= What needs to be done =
Word for word, copy the records and drop the pictures.

= The data =

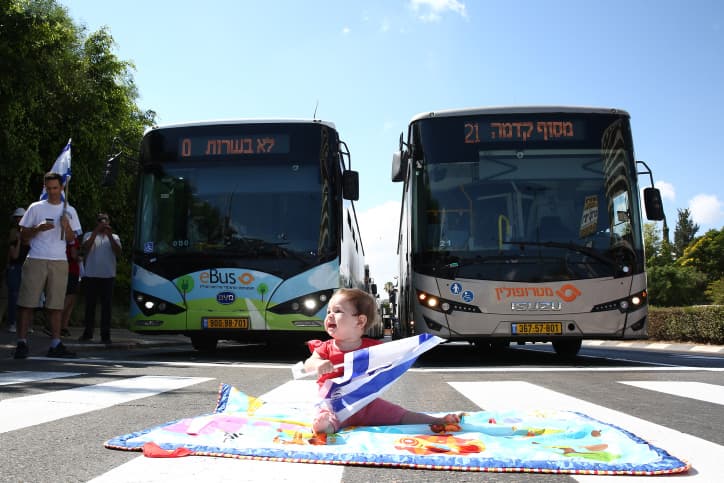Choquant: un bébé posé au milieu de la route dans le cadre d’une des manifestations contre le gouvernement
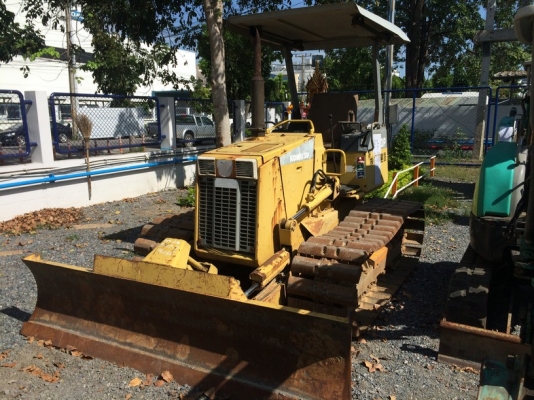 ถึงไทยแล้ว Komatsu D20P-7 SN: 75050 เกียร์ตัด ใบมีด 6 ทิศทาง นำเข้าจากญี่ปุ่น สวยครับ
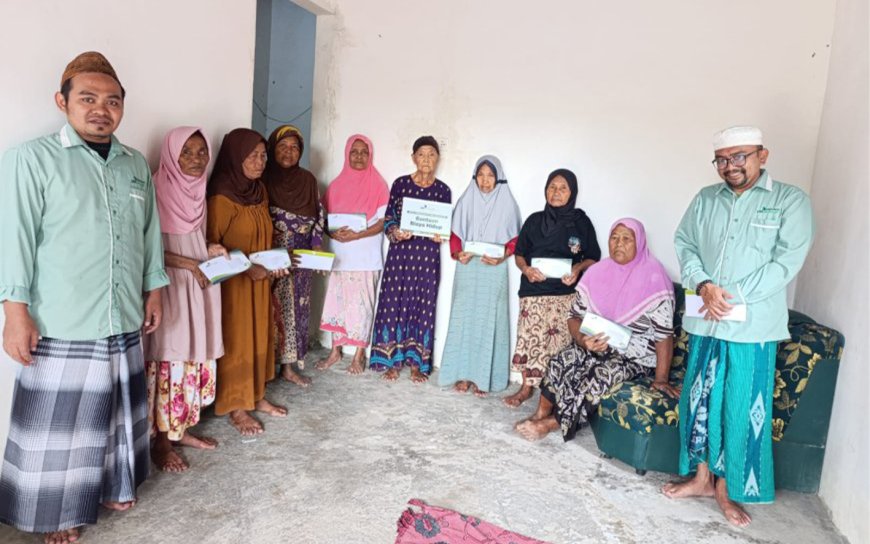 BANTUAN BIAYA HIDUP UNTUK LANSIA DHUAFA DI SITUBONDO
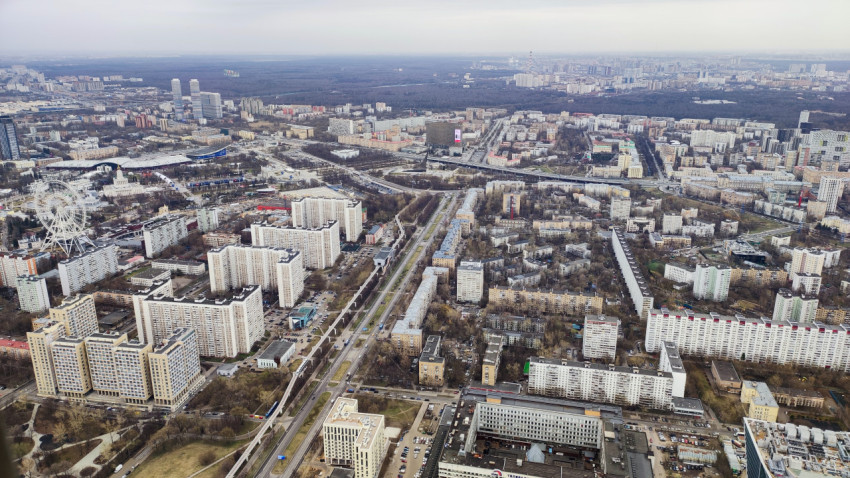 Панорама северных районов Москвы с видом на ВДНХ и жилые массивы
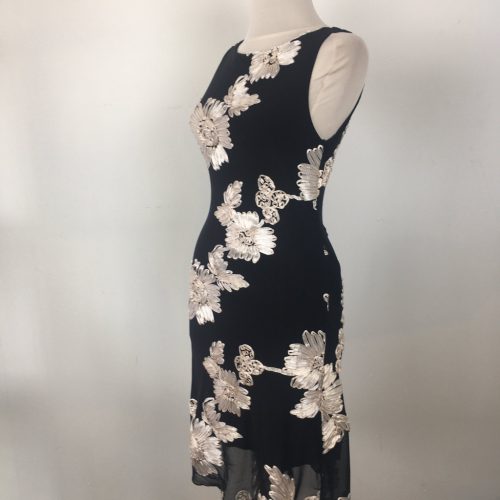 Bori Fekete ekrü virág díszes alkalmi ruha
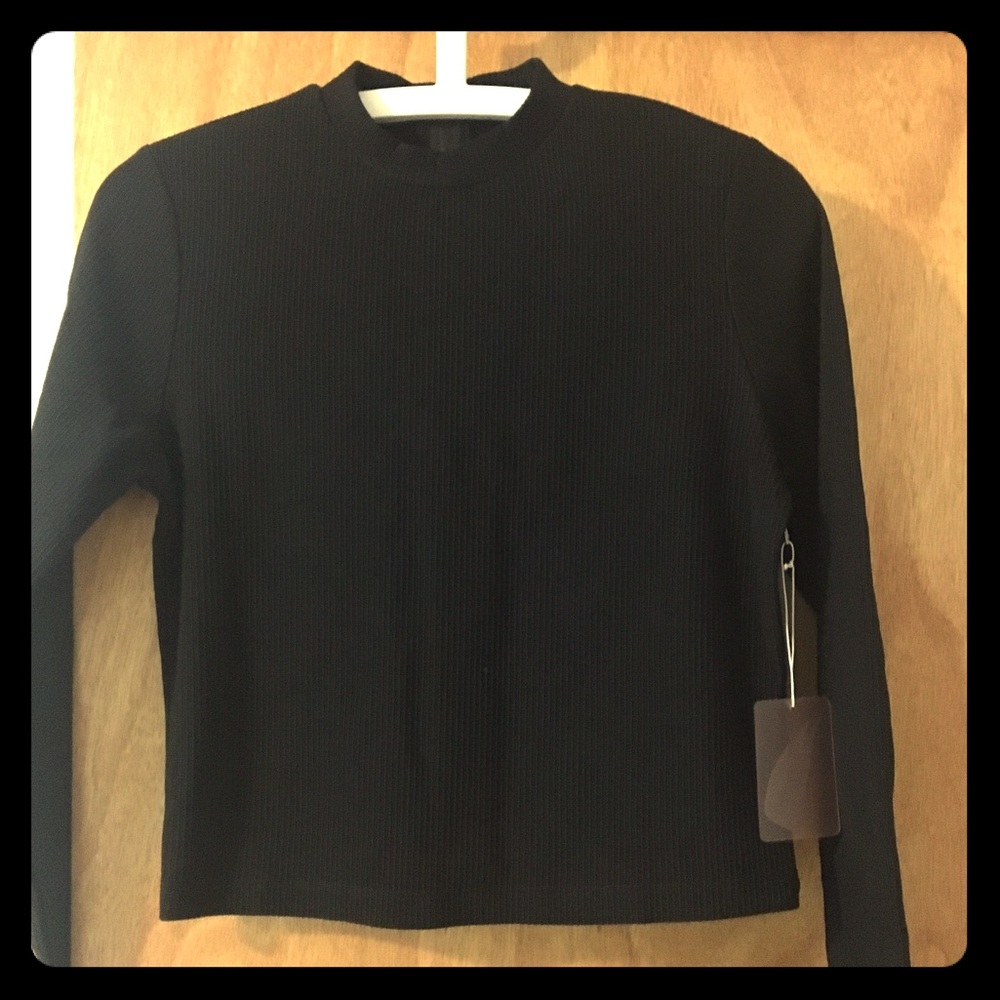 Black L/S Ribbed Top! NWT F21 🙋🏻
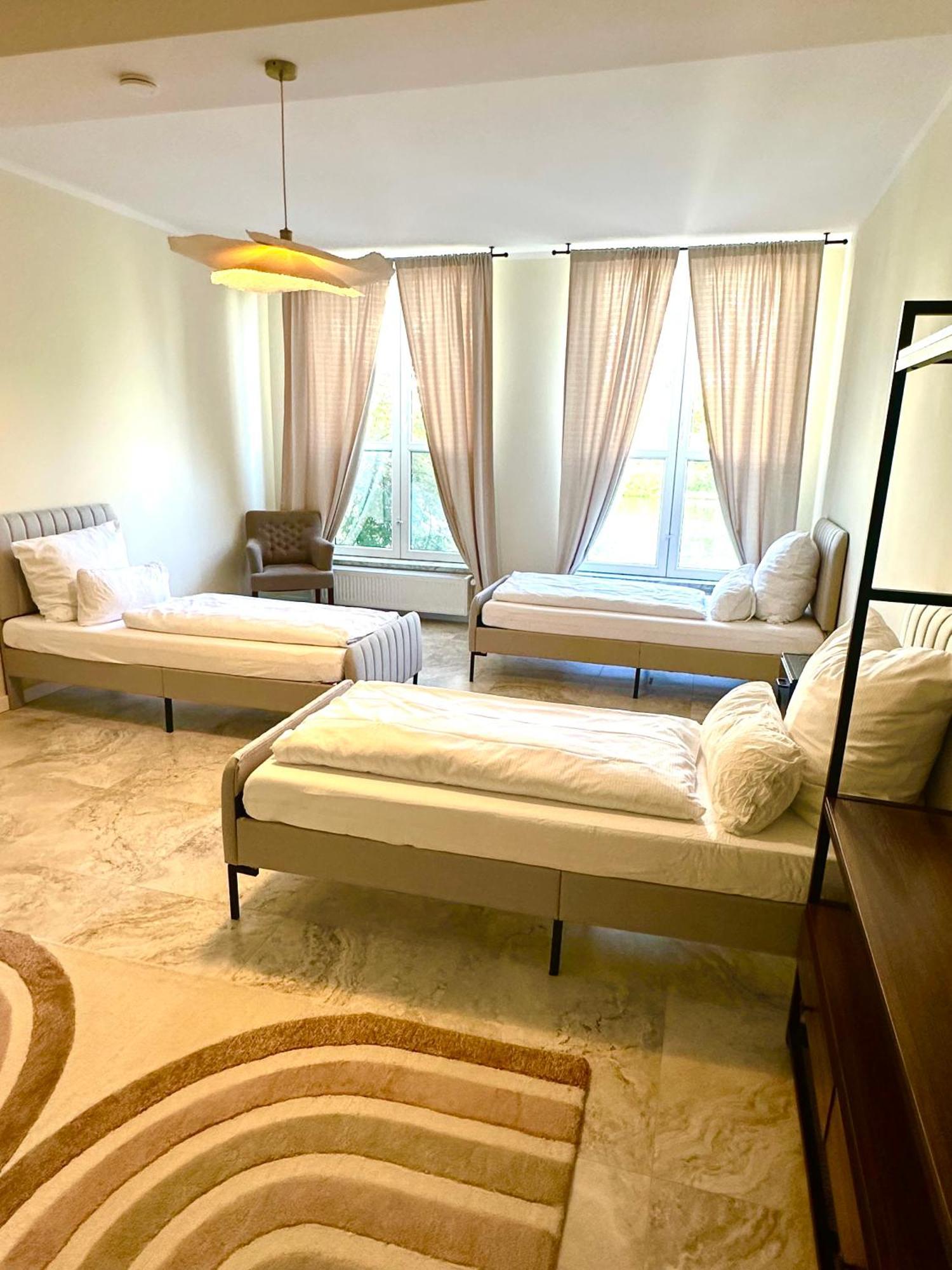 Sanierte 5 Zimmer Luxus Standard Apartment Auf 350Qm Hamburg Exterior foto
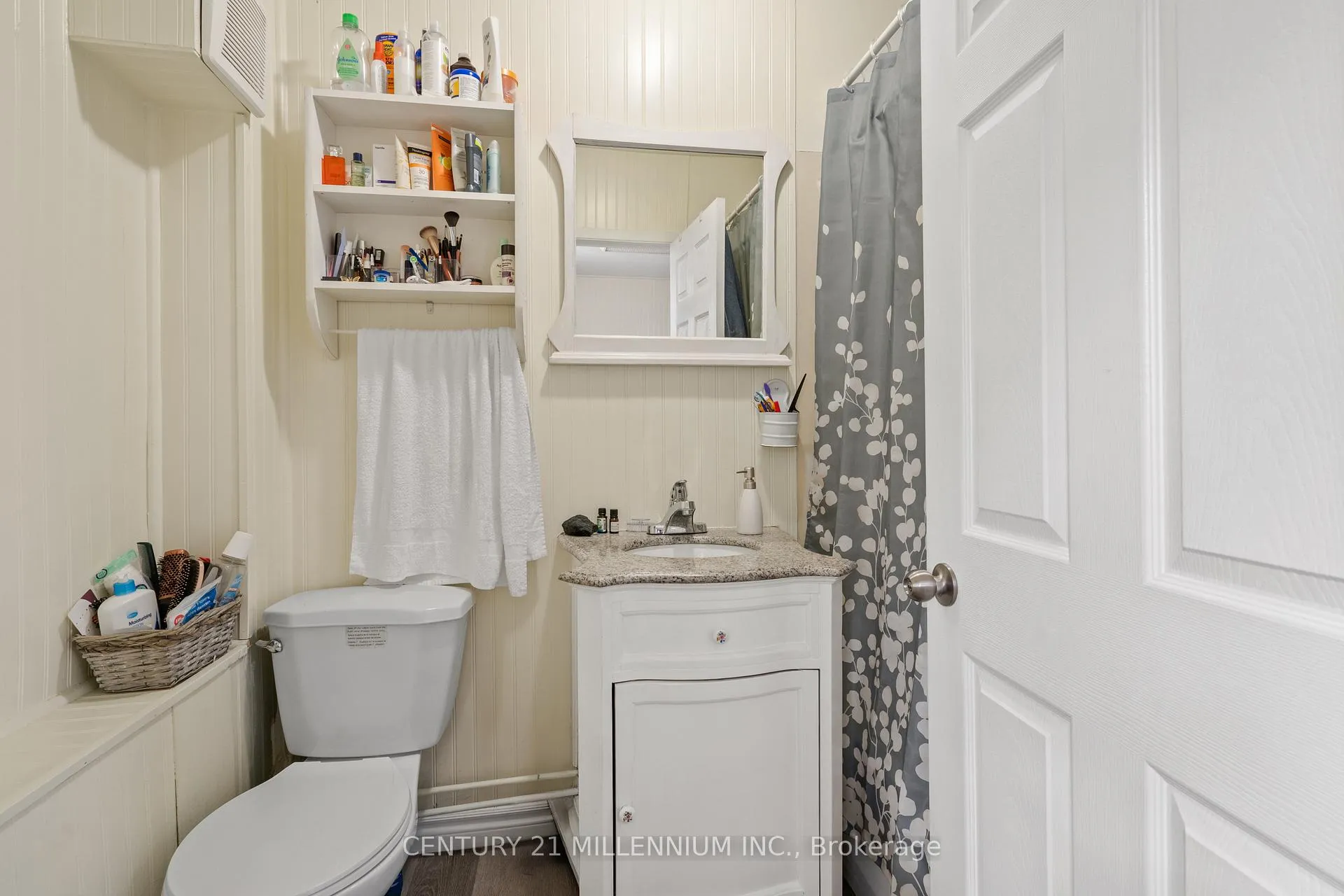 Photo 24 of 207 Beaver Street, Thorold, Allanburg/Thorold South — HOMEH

= Exercise result =
Choquant: un bébé posé au milieu de la route dans le cadre d’une des manifestations contre le gouvernement
 ถึงไทยแล้ว Komatsu D20P-7 SN: 75050 เกียร์ตัด ใบมีด 6 ทิศทาง นำเข้าจากญี่ปุ่น สวยครับ
 BANTUAN BIAYA HIDUP UNTUK LANSIA DHUAFA DI SITUBONDO
 Панорама северных районов Москвы с видом на ВДНХ и жилые массивы
 Bori Fekete ekrü virág díszes alkalmi ruha
 Black L/S Ribbed Top! NWT F21 🙋🏻
 Sanierte 5 Zimmer Luxus Standard Apartment Auf 350Qm Hamburg Exterior foto
 Photo 24 of 207 Beaver Street, Thorold, Allanburg/Thorold South — HOMEH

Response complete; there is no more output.